A viagem feita pelo casal é realizada todo ano por centenas de espanhóis, que recorrem à barriga de aluguel para ter filhos. Como a prática é ilegal na Espanha, a única opção deles é ir ao exterior. Se tudo dá certo, os casais ficam nas mãos de intermediários confiáveis que, em troca de dinheiro, contratam mulheres, a maioria em países mais pobres, dispostas a se submeterem a tratamentos hormonais para engravidar de bebês com os quais não têm um vínculo genético. E que se comprometem a entregá-los depois do parto. No caminho, entra em ação uma indústria lucrativa e opaca, que opera no limite da legalidade e da ética, capaz de ultrapassar fronteiras e burocracias variadas. Um processo complexo, que se transformou num debate global com duas perguntas centrais. Deve ser regularizado? E de que forma?
Todo ano, pelo menos 20.000 crianças nascem no mundo inteiro com o método da barriga de aluguel, segundo cálculos da ONG suíça International Social Security. Entre 800 e mil são filhos de espanhóis. Esta última cifra é uma mera estimativa feita por associações de pais e agências. Não existem dados oficiais porque a prática é ilegal. Há mais precisão sobre as adoções internacionais na Espanha, que caíram de 5.541 em 2004 para 799 em 2015. Várias razões explicam o fenômeno, inclusive a maior proteção da infância nos países de origem, segundo o Ministério da Saúde da Espanha. Mas se a estimativa sobre os meninos nascidos por doação temporária de útero estiver correta, essa via já supera a da adoção, um caminho que muitos descartam porque o consideram mais longo e tortuoso (são necessários até oito anos para percorrê-lo). Preferem usar um trajeto proibido na Espanha — embora depois seja permitido registrar os bebês como espanhóis, desde que se cumpram certos requisitos. E pagar entre 45.000 e 60.000 euros (entre 148.500 e 198.000 reais), custo médio na Ucrâniae na Rússia, até 120.000 euros (396.000 reais) na Califórnia, um dos 14 estados que permitem a prática nos EUA.
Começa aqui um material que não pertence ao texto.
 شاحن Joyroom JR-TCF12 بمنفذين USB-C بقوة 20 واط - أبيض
A legislação varia segundo o país. A Ucrânia permite a barriga de aluguel para estrangeiros, mas apenas heterossexuais. Canadá, Reino Unido e Portugal só autorizam a modalidade altruísta — num sentido estrito, não pode haver benefício econômico para a gestante, e só podem ser pagos os gastos extras que ela possa ter — e estes dois últimos países só a permitem a nacionais. A Índia, potência em barriga de aluguel até há pouco tempo, primeiro vetou a opção aos estrangeiros e agora está a ponto de proibir a modalidade comercial.
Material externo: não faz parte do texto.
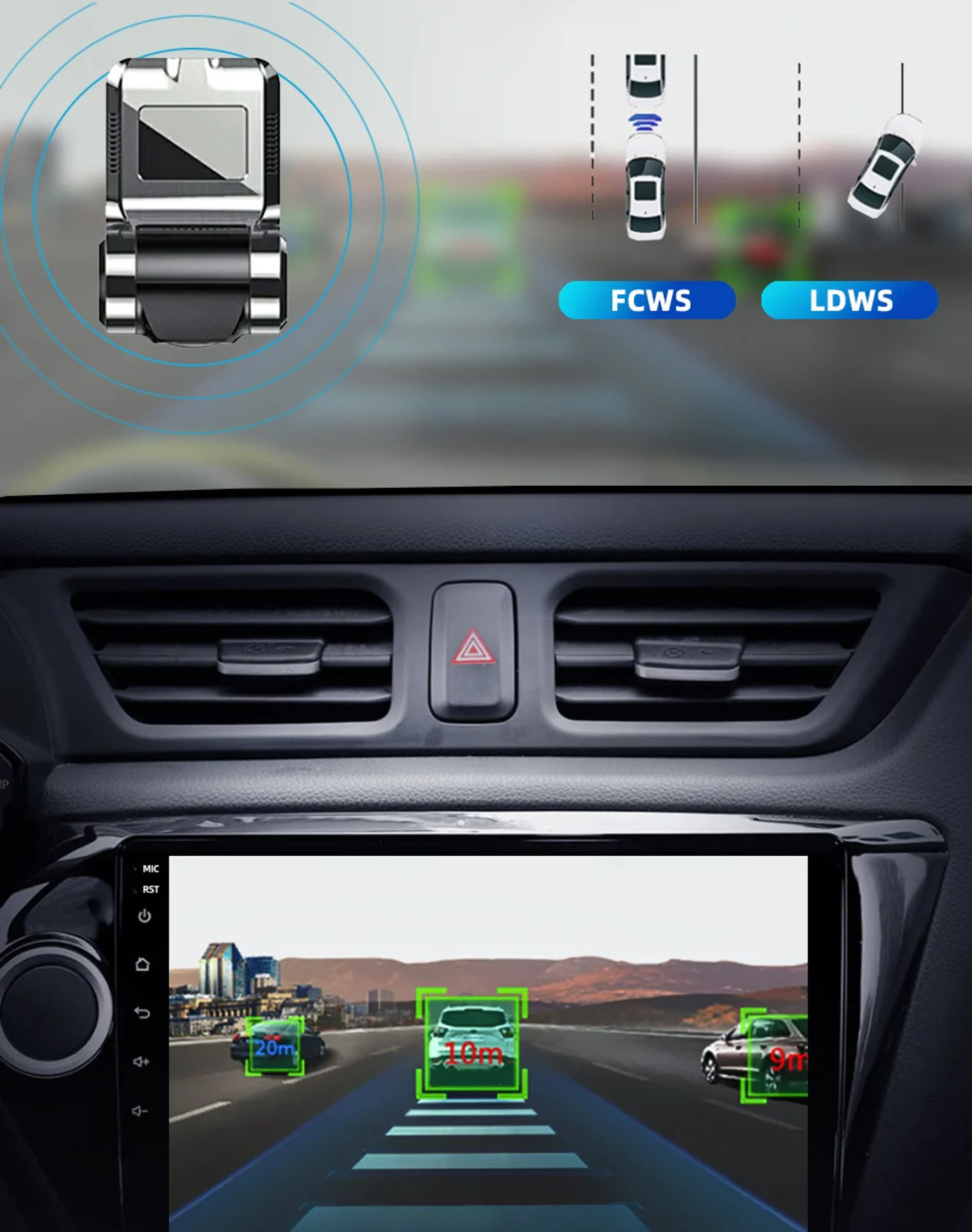 Description Picture 5 of itemCar DVR ADAS LDWS Dash Cam Full HD 1080P Dash Cam For DVD Android Player Navigation Unit Auto Audio Voice Alarm Video Recording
A exploração também está por trás da decisão tomada pela Tailândia, em 2015, de restringir a prática aos nacionais — após um caso que escandalizou o mundo, conhecido como Baby Grammy. Um casal australiano havia contratado uma tailandesa para gestar seus gêmeos. Quando o casal descobriu que um deles, o menino, tinha síndrome de Down, era tarde para um aborto. Além disso, a gestante se negou a interromper a gravidez. Os australianos decidiram então levar somente a menina ao seu país. Meses depois, soube-se que o pai australiano havia sido preso em 1997 por abuso sexual de crianças.
Embora singular, o caso tailandês é um bom exemplo de tudo o que pode dar errado e de como os direitos das gestantes, e das próprias crianças, podem ficar sujeitos à vontade dos pais que iniciam o processo, das clínicas e dos intermediários, com frequência em países pobres e corruptos. Essa desproteção dá argumentos tanto aos que defendem a regulação como aos partidários da proibição. E o debate voltou a estar em voga na Espanha, após anos soterrado. A brecha entre críticos e defensores é profunda e divide os partidos políticos. No momento, a única proposta é a do Ciudadanos: regular a opção altruísta.
“A solução para que não haja abusos é legislar. É como nos transplantes: ao regular, você evita o tráfico de órgãos”, diz Pedro Fuentes, presidente da associação de pais a favor da barriga de aluguel Son Nuestros Hijos, que agrupa cerca de 400 famílias. Pedro é ginecologista e, junto com seu marido, é pai de um menino de seis anos nascido nos EUA através do método. Ele se emociona ao contar como conheceu a mulher que ficou grávida para eles, a bonita relação que estabeleceram e como ela, que morava com os filhos num chalé com jardim, sabia muito bem que queria fazer isso — e para um casal gay. Pedro considera que a ética deve guiar o processo, mais do que os países onde for feito.
O código da associação recomenda não confiar em “intermediários que não permitam conhecer a gestante, nem naqueles que garantem resultados, nem nos pacotes com os quais você não tem de se preocupar com nada”. Além disso, a mulher precisa já ter sido mãe. O código defende também a modalidade altruísta, mas deixa aberta a possibilidade de uma compensação econômica. “É necessário reconhecer o esforço que isso implica para a gestante. Ela precisa usar outras roupas e perde oportunidade de fazer outras coisas... [A compensação] deveria ser digna o suficiente para não ser um insulto, mas tampouco 100.000 euros (330.000 reais) porque teria o efeito de atrair pessoas em massa. Poderia ser definida por uma comissão nacional”, propõe, questionando: “Se uma mulher é explorada, quando deve ser compensada?”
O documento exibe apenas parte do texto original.